Stored data:
◆ ◆ ◆
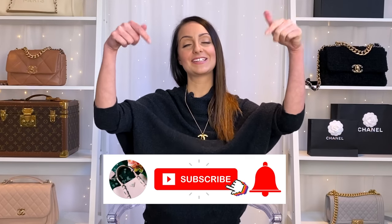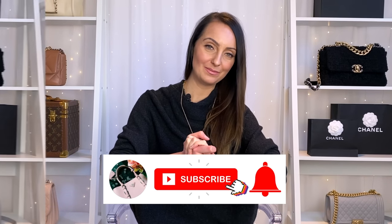Hi everyone, Steph here from Handbagholic. In this video today I'm going to be sharing with you some of the designer bags that I have decided to sell and why. If you love designer bags and luxury in general, make sure you join the family — don't forget to hit the subscribe button and the bell down below.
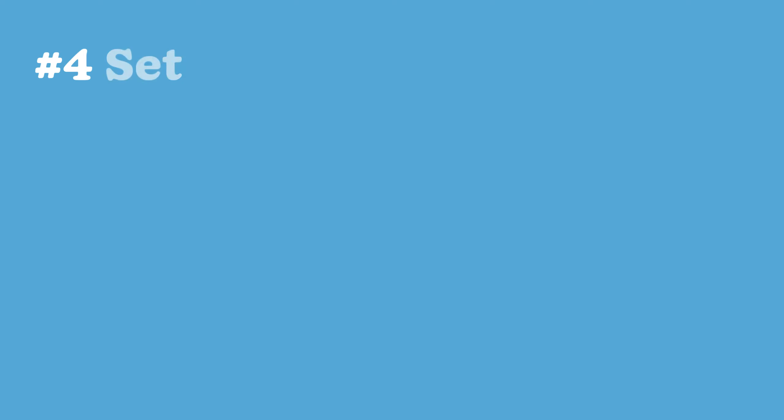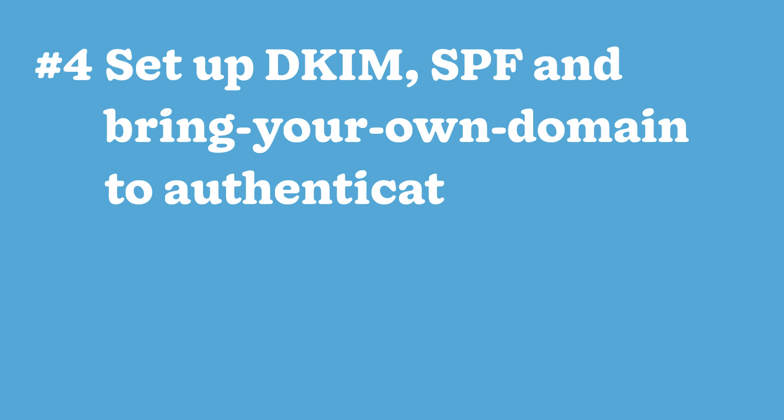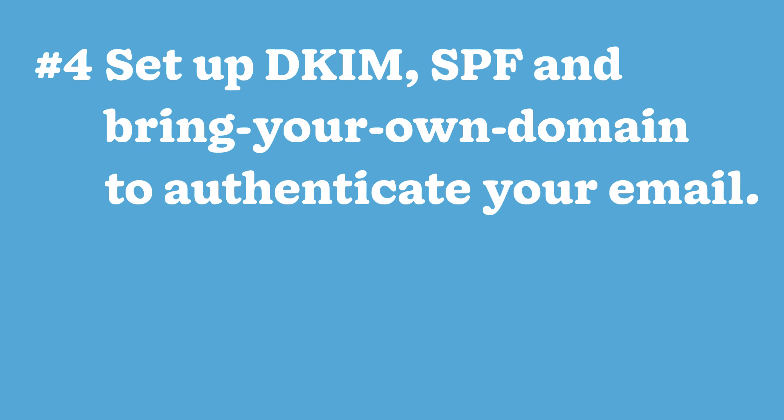Four: set up DKIM, SPF, and bring your own domain to authenticate your email. Nutshell can work with you to create DNS records on your domain name, which authenticates emails that you send. This tells email providers that the messages sent with Nutshell are genuinely from you. The whole process should take your web expert about 15 minutes, and it makes your messages much more reliable.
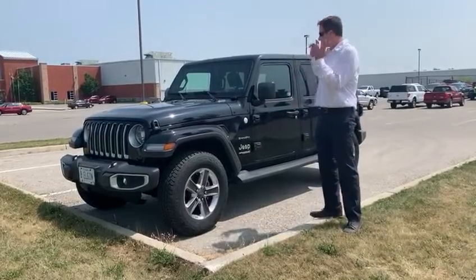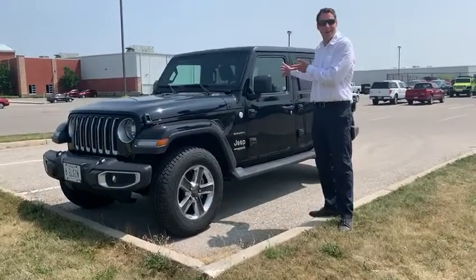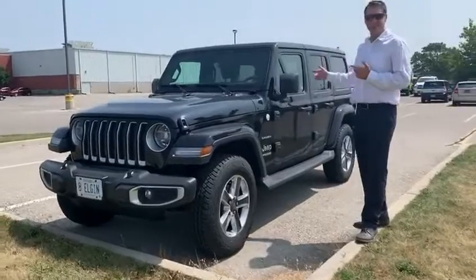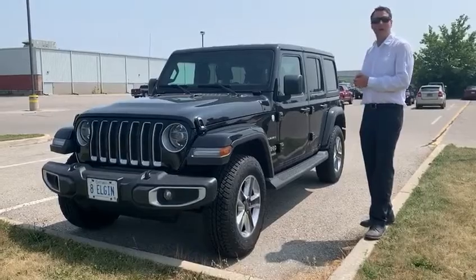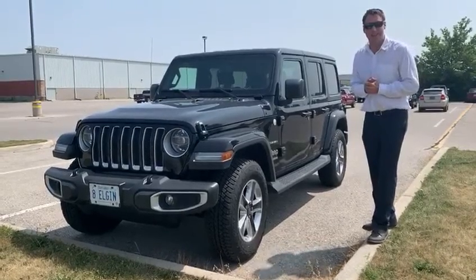Hey everyone, Jeff here at Elgin Chrysler. Just want to talk about this demo we got on sale here this month at Elgin Chrysler. 2019 Jeep Sahara Leather and Sound Group. Wait till you see this thing going down the road. Why don't you come into Elgin Chrysler and check us out today.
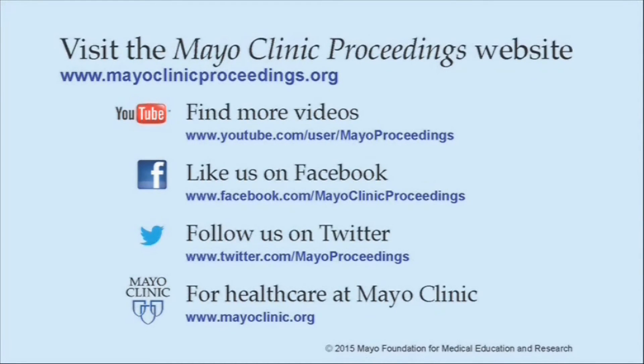If you are interested in more information about us, our homepage is www.mayoclinicproceedings.org. There you will find access information for our social media content, such as additional videos on our YouTube channel or journal updates on Facebook. You can also follow us on Twitter. More information about health care at Mayo Clinic is available at www.mayoclinic.org. This video content is copyrighted by Mayo Foundation for Medical Education and Research.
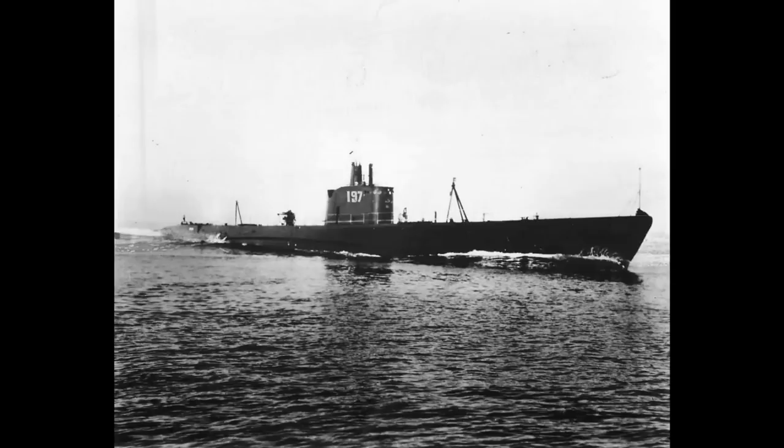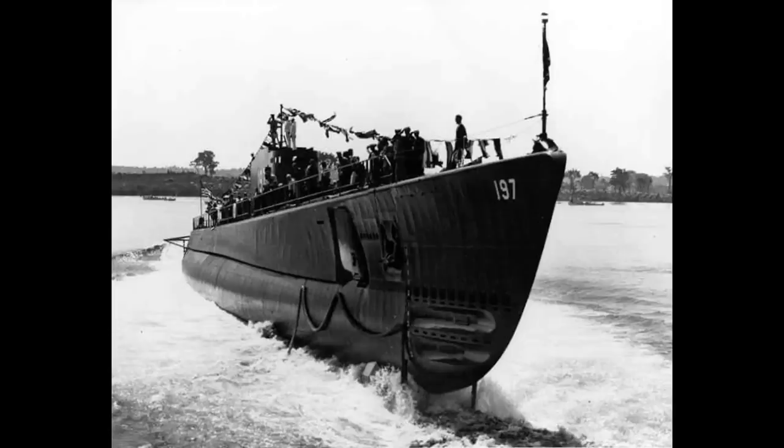The Sargo class, along with the related preceding Salmon class, are often referred to as the first US fleet submarines, although some others contend that they're actually the penultimate design before the first true fleet submarine. In any case, Seawolf was the last of the class, laid down at the end of September 1938 and launched in mid-August 1939 from the Portsmouth Navy Yard in Maine, and commissioned at the end of the same year.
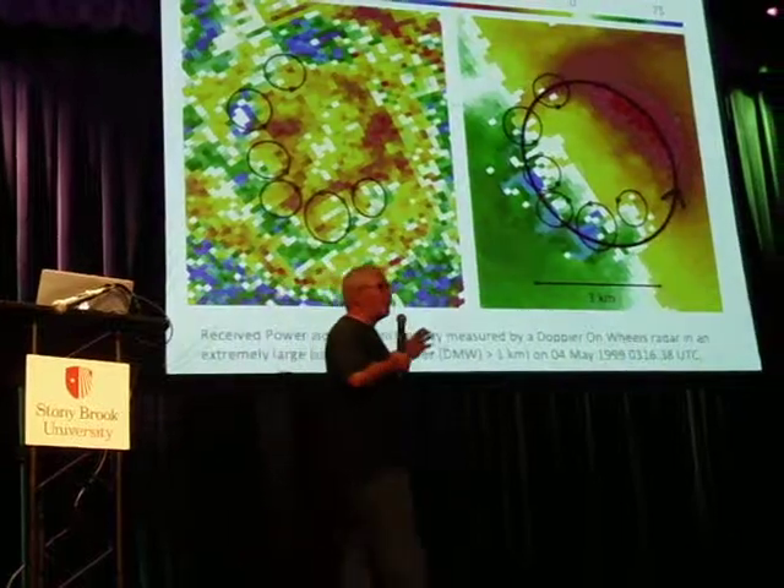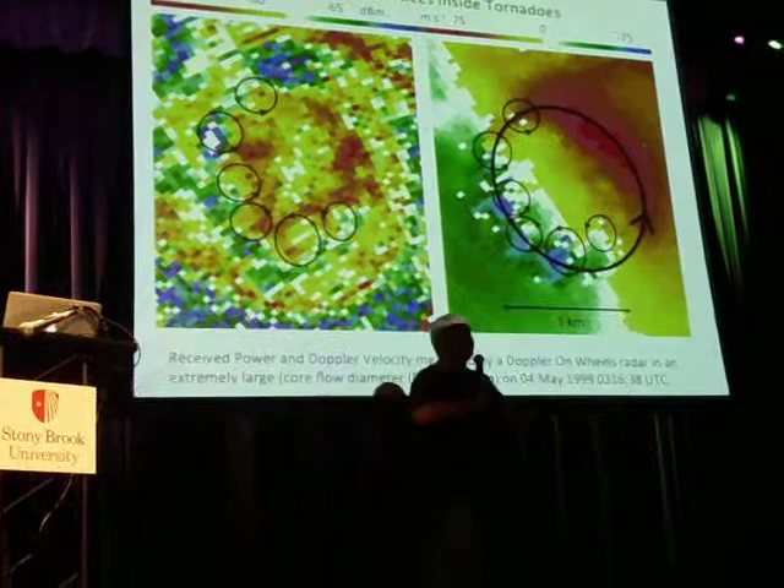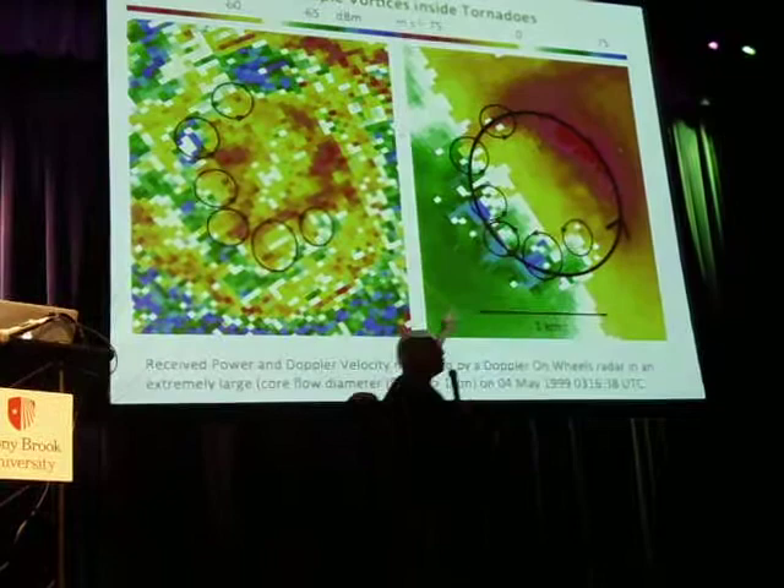A very, very large tornado. It's about a mile wide, just from one maximum to the other maximum of wind in that tornado. And you can see those areas — there are these little sub-tornadoes, these multiple vortices that are spinning around the main tornado.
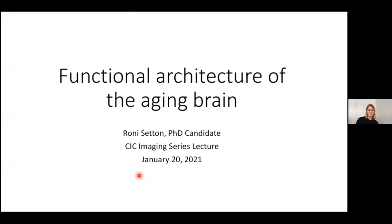It's my pleasure to introduce Roni Settin for today's CIC series lecture. Roni obtained a dual degree in neuroscience and business at Franklin and Marshall College in Pennsylvania, then completed her master's in developmental psychology at Cornell University with a focus on human neuroscience, studying the neural underpinnings of decision making using fMRI. Currently she's a final year PhD candidate in Nathan Spring's lab at the MNI, with research interests centered on functional brain changes in memory and aging, specifically the role of semantic memory and semantic cognition in older age. Today she'll be presenting her PhD work examining functional brain changes in healthy aging using recently developed fMRI techniques.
◆ ◆ ◆
» TASK GOAL
Emit the lines of the data above from the one containing "The Sargo class, along" through its final line, both endpoints included. Pictures do not belong in the output.

» COMPLETED TASK
The Sargo class, along with the related preceding Salmon class, are often referred to as the first US fleet submarines, although some others contend that they're actually the penultimate design before the first true fleet submarine. In any case, Seawolf was the last of the class, laid down at the end of September 1938 and launched in mid-August 1939 from the Portsmouth Navy Yard in Maine, and commissioned at the end of the same year.
A very, very large tornado. It's about a mile wide, just from one maximum to the other maximum of wind in that tornado. And you can see those areas — there are these little sub-tornadoes, these multiple vortices that are spinning around the main tornado.
It's my pleasure to introduce Roni Settin for today's CIC series lecture. Roni obtained a dual degree in neuroscience and business at Franklin and Marshall College in Pennsylvania, then completed her master's in developmental psychology at Cornell University with a focus on human neuroscience, studying the neural underpinnings of decision making using fMRI. Currently she's a final year PhD candidate in Nathan Spring's lab at the MNI, with research interests centered on functional brain changes in memory and aging, specifically the role of semantic memory and semantic cognition in older age. Today she'll be presenting her PhD work examining functional brain changes in healthy aging using recently developed fMRI techniques.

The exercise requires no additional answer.